Muhteşem akbabalar ve kartallar, komik maymunlar, zarif egzotik papağanlar - çocuklar onları çok seviyor. Şaşırtıcı bir şekilde, burada hem zebraları hem de çitlerine kadar gelen ve böylece kendilerini halka yakın bulan kanguruları görebilirsiniz. Doğru, hayvanları beslemek yasaktır. Ancak hayvanların bakımının iyi olduğu, tok oldukları ve yalvarmadığı açıktır. Eğlenceli lemur ortak bir favoridir; türdeşleri uzak Madagaskar'da yaşıyor.
Yunus Akvaryumu
Dolphinarium, şehir sınırlarının çok ötesinde bir ün kazandı. 1975 yılında inşa edildi ve SSCB'de ilk ve uzun süre tek oldu. Aslında Batum'un sembolü olarak algılanıyordu. 90'larda ülkeye yıkım geldi, para çok eksikti, yunus akvaryumu bozulmaya başladı, söküldü. Eğitimli evcil hayvanlar Kıbrıs'a taşındı. Ancak bağışlar sayesinde yeni bir kompleks ortaya çıktı.
"6 Mayıs" parkında yer almaktadır. 3 adet yüzme havuzu, aynı anda 700 kişinin bulunabileceği amfi tiyatro şeklinde geniş bir salon bulunmaktadır. Engelliler için gerekli olanaklarla donatılmıştır. Yunuslar Pazartesi hariç her gün performans sergiliyor. Program Rusça dahil 3 dilde mevcuttur. Yaz aylarında, ilkbahar ve sonbaharda, genellikle sadece hafta sonları olmak üzere günde 3 kez gösteriyi izleyebilirsiniz.
Yunus akvaryumu çok popülerdir, bu nedenle özellikle turizm sezonunun en yüksek olduğu zamanlarda önceden bilet rezervasyonu yapmak daha iyidir. Ayrıca havuzda çeyrek saat yunuslarla yüzmek istiyorsanız önceden randevu almanızda fayda var. Gösteri 8 yunus içerir, 30 numaraya kadar gösterirler - dans ederler, çemberler ve toplarla çalışırlar ve diğer komik numaralar yaparlar.
Tabii ki, 1 günde belli başlı turistik yerleri dolaşamayacaksınız. Ancak, burada dikkat edilmesi gerekenlere önceden aşina olduktan sonra, özellikle ilginizi çeken yerlere gidebilirsiniz. Ve bu büyüleyici şehri keşfetmede iyi şanslar!
Havaalanından merkeze nasıl gidilir
Havalimanı binasından çıkınca sağda bir otobüs durağı göreceksiniz. Biletler kondüktörden satın alınır. 0,4 lari (12 ruble), 2 seyahat için bir bilet satın alıyorlar - 0,8 lari. 9 veya 10 numaralı otobüslere ihtiyacınız var. 9 numaralı otobüs Bagrationi Caddesi boyunca şehir merkezine gidiyor.

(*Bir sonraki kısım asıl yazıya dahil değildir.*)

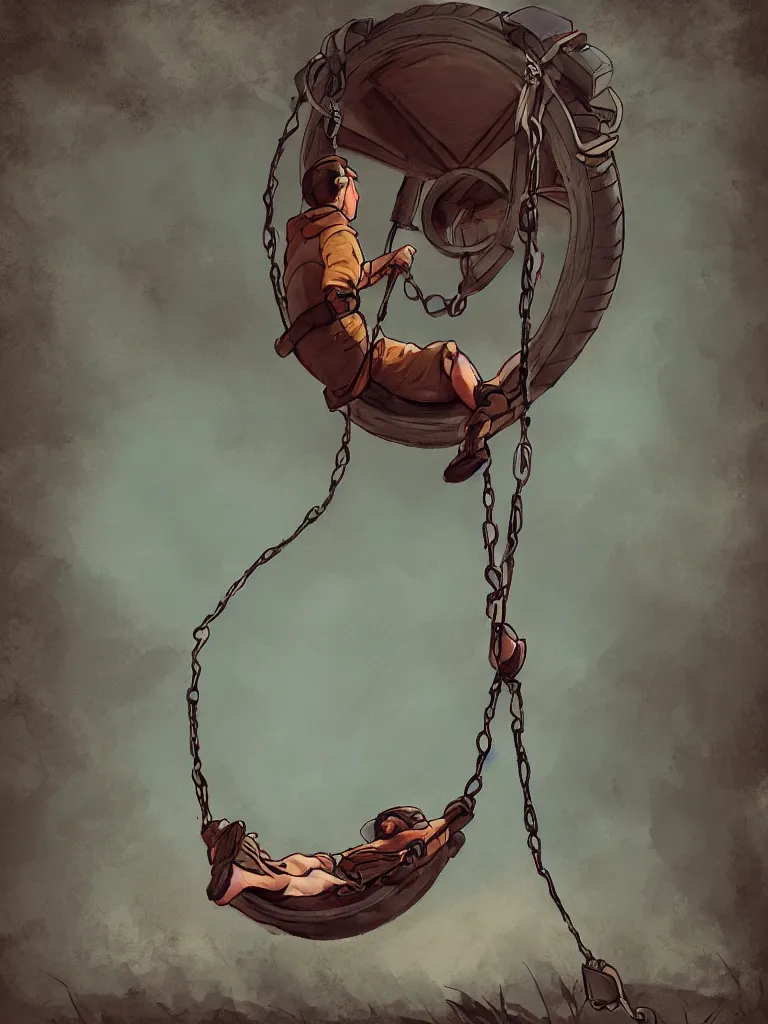 Image similar to tire swing disney concept artists, blunt borders, rule of thirds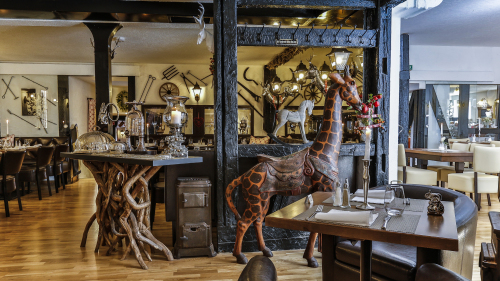 Restaurant hinterer Bereich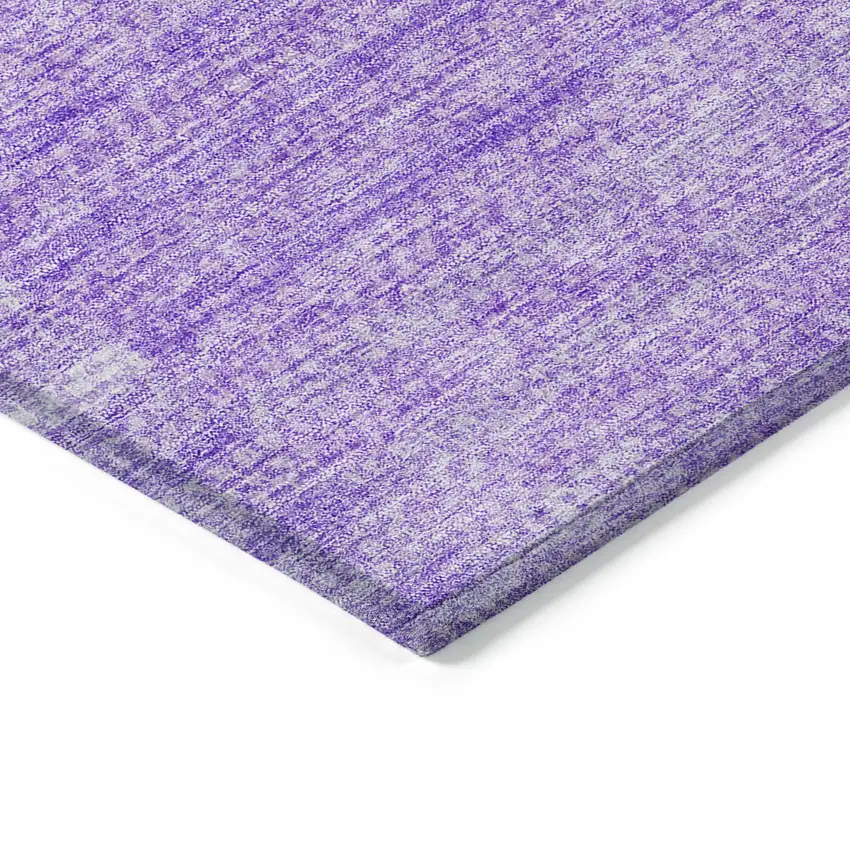 Lavender And Purple Striped Washable Indoor Outdoor Area Rug Photo 3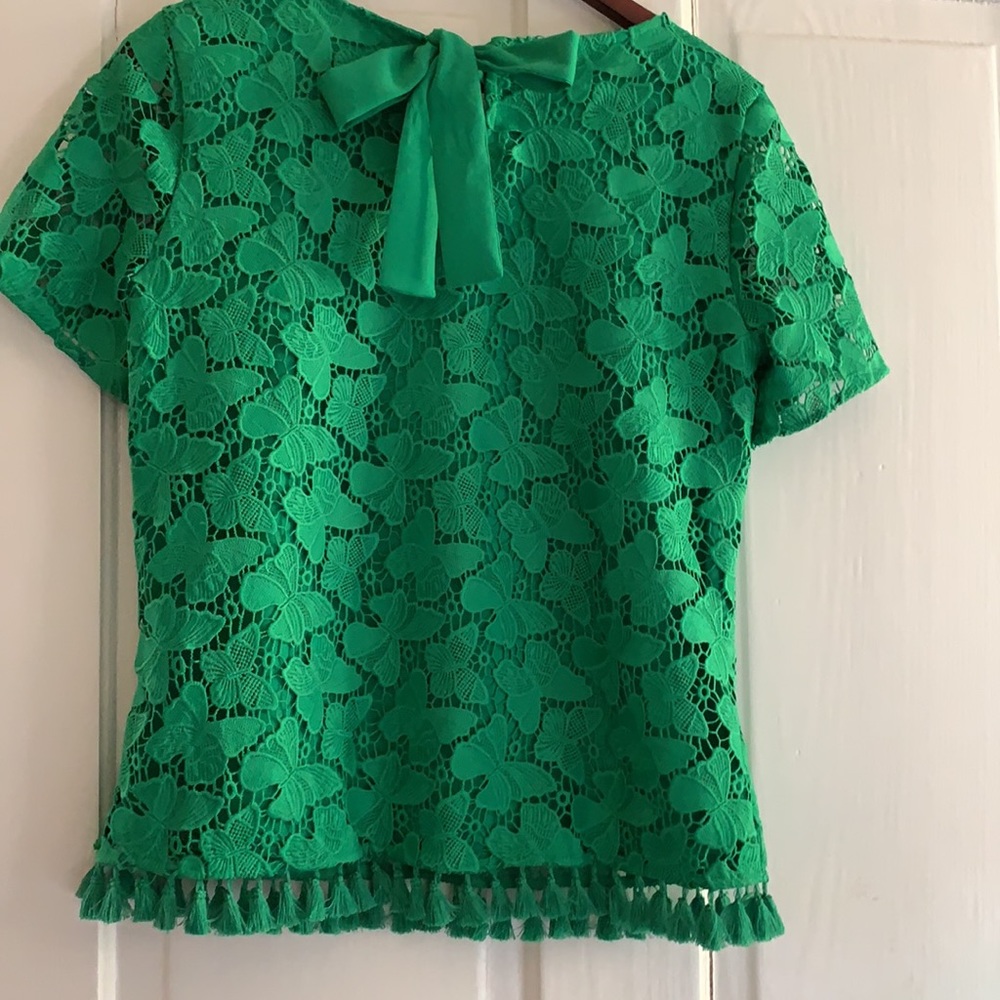 Talbots green top - Picture 2 of 4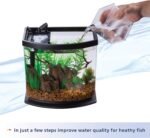 Aqueon LED MiniBow Small Aquarium Fish Tank Kit with SmartClean Technology, Black, 2.5 Gallon - Image 5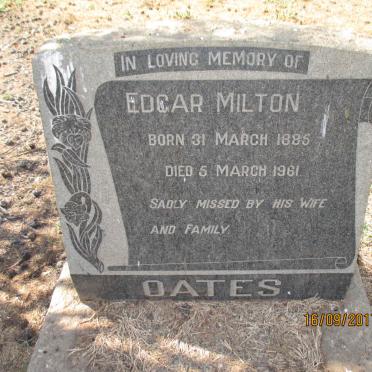 OATES Edgar Milton 1885-1961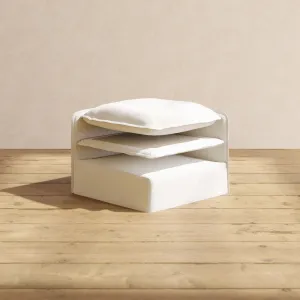 Elevate Comfort Layer for 4-Seater   Bench Ottoman in Powder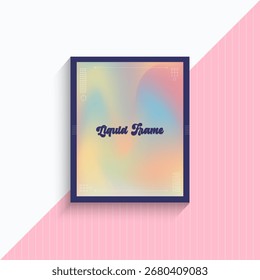 abstract liquid frame  background design
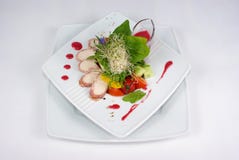 Plate Of Fine Dining Meal Stock Images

Rustaveli Caddesi boyunca uzanan 10 numaralı otobüs sizi tren istasyonuna götürecektir.
İhtiyacınız olan yere ulaşmak için nerede ineceğiniz hakkında - sürücüye veya kondüktöre önceden sormak daha iyidir. Ayrıca taksi hizmetini de kullanabilirsiniz. Özel tüccarlarla iletişime geçmemek daha iyidir, fiyatları 3 kat şişirirler, kivi taksiye dikkat edin.